Entre os acertos do ex-ministro da Saúde Luiz Henrique Mandetta, ainda sob o negacionismo científico do presidente Jair Bolsonaro (sem partido), destaca-se a encomenda de uma pesquisa à Universidade Federal de Pelotas (Ufpel) no início da pandemia. Assim nasceu a Epicovid19-Br, coordenada pelo Centro de Estudos Epidemiológicos da universidade gaúcha, há 40 anos realizando estudos nesse campo no Brasil e no exterior. Liderada por cientistas de renome internacional, como Cesar Victora, e comandada pelo reitor da universidade, o epidemiologista Pedro Curi Hallal, a pesquisa ganhou, com Mandetta, três fases e abrangência nacional, tornando-se o maior estudo de base populacional sobre a covid-19 que se tem notícia, escreve Laura Greenhalgh em matéria publicada no Valor dia 3/7, com entrevista de Arns.

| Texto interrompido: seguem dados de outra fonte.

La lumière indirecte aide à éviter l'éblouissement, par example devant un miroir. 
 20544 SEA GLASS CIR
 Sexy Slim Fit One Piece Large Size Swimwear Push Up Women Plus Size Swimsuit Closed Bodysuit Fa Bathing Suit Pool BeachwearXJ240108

Foram revelados dados cruciais como este: da primeira fase (entre 19 e 21 de maio) até a segunda (4 e 5 de junho), a presença do vírus entre brasileiros cresceu 53%. A velocidade do contágio permite projetar com segurança que para cada caso confirmado existem seis não confirmados.
A pesquisa atravessa a terceira fase na véspera da publicação desta entrevista com Nelson Arns Neumann, de 55 anos, coordenador internacional da Pastoral da Criança. Junto a outros apoiadores, Doutor Nelson, como é chamado, entrou na Epicovid19-BR levando consigo o peso da Pastoral, entidade criada nos anos 1980 pela Confederação Nacional dos Bispos do Brasil (CNBB) e liderada por sua mãe, a sempre lembrada Zilda Arns (há dez anos, em 12 de janeiro, ela morreu devido a um terremoto no Haiti).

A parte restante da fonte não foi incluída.